The defendants in the case were the nieces and nephews of Leah Beasley Washington.
Leah was born about 1815 in Tennessee. She was the daughter of a white man named Louie from Texas and a slave woman Dina. She chose the surname Beasley as this was her owner's surname.
James Beasley, Leah's slave owner, owned 15 slaves per the 1860 Copiah County Slave Schedule.
Leah's husband George lived on the Hooker's place which was about two and half miles from Leah's home. According to the tradition in this community, husbands were allowed to visit their wives Wednesday, Saturday and Sunday nights, known as "wife nights." On those nights, the "patta rolls" could not bother them.

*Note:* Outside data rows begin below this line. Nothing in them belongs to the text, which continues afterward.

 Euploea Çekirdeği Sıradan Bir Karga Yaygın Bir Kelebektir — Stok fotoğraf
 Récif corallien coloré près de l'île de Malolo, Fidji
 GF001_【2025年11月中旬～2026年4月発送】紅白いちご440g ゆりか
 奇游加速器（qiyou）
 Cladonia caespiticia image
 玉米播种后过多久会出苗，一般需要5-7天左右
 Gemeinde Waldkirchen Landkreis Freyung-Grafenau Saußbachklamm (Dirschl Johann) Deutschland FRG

Beliah Louie and Aaron Beasley/Mitchell were Leah's brothers. Beliah Louie and Leah shared the same set of parents, Aaron and Leah shared the same mother but not the same father. The brothers' children were Leah's heirs, the defendants.
The Louie defendants were: Bert Louie of Lincoln County, MS; William Louie of Windfield, Kansas; Ida Louie Hartly of Sunflower County, MS; and James Louie, Preston Louie, Nancy Louie Mack, Lizzie Louie Cason, Wade Louie, Burrel Louie, John Louie, and Allen Louie all of Copiah County, MS.
The Mitchell defendant was Jennie Mitchell Robinson of Copiah County, MS.
The defendants charged that George Washington left only one heir at the time of his death, his wife Leah. The defendants also questioned the paternity of George Washington's son Jim Washington. They believed Jim was not a son of George Washington, thus Jim's children were not heirs of George Washington.
Copiah County Chancery Court Records
Case Number: 3260
Microfilm Number: 8245
Record found at the Mississippi Department of Archives and History
How do the defendants connect to my family tree?
My granduncle, Haber Overton of Copiah County, married a Rosa Louie. At this time, I don't have enough information to connect Rosa to this Louie family.